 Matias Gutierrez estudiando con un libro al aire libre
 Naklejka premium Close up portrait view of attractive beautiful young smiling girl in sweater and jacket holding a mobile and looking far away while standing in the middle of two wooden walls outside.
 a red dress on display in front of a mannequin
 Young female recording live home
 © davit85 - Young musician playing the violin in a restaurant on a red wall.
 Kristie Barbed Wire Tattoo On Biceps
...
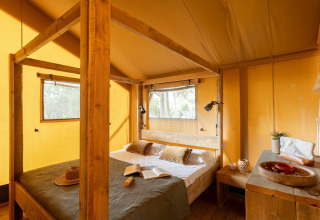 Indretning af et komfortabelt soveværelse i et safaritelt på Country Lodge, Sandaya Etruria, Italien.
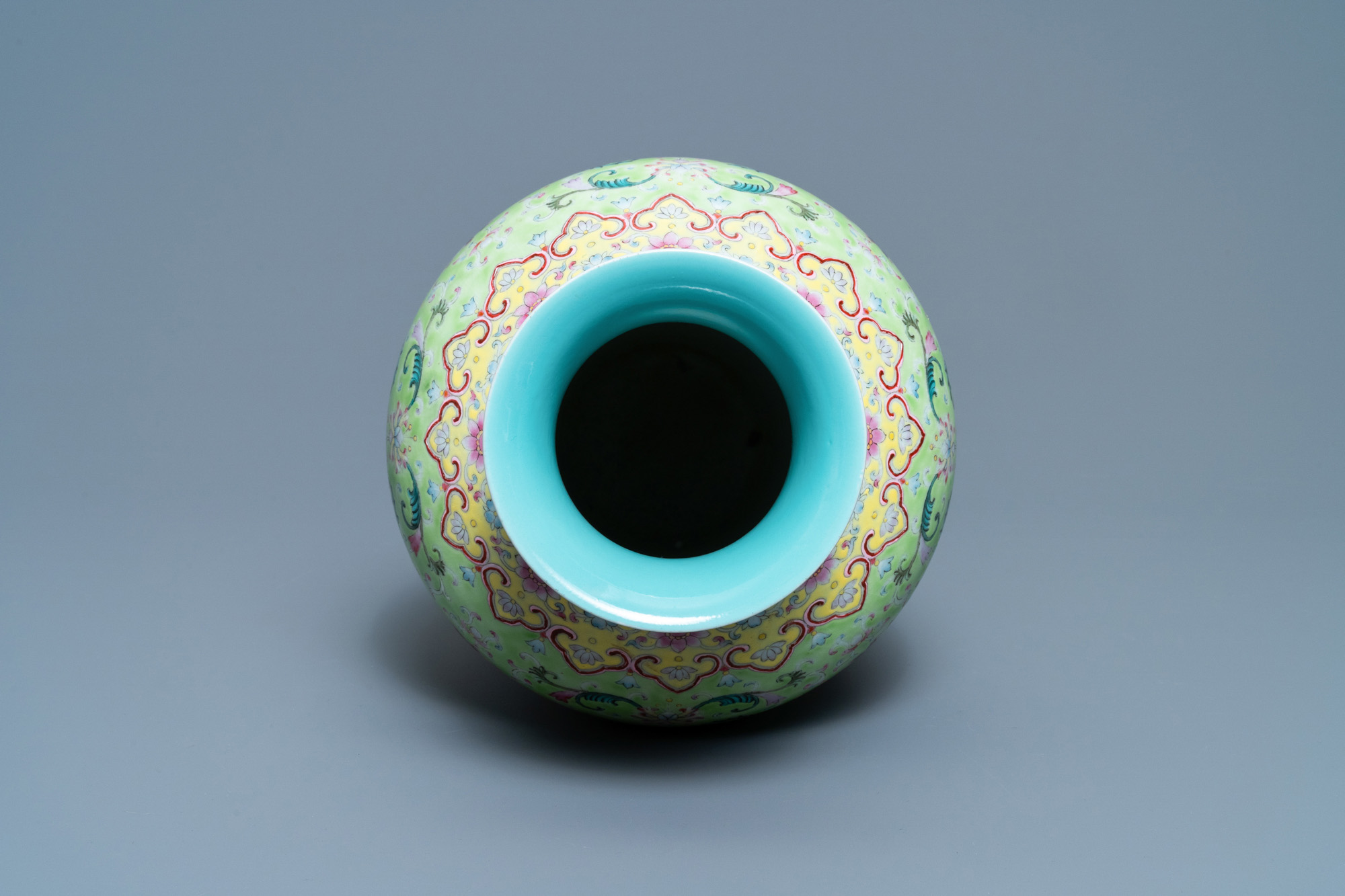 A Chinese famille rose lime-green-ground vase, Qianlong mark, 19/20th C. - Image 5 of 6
---
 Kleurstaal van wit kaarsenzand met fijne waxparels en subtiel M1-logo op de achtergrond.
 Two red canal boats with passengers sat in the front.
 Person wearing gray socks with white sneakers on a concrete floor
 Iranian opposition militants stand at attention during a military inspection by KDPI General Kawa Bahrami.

# [Description of the task]
Return only the lines between the one holding "Kleurstaal van wit" and the one holding "Iranian opposition militants", inclusive, exactly as they appear above.

# [Solution to the exercise]
 Kleurstaal van wit kaarsenzand met fijne waxparels en subtiel M1-logo op de achtergrond.
 Two red canal boats with passengers sat in the front.
 Person wearing gray socks with white sneakers on a concrete floor
 Iranian opposition militants stand at attention during a military inspection by KDPI General Kawa Bahrami.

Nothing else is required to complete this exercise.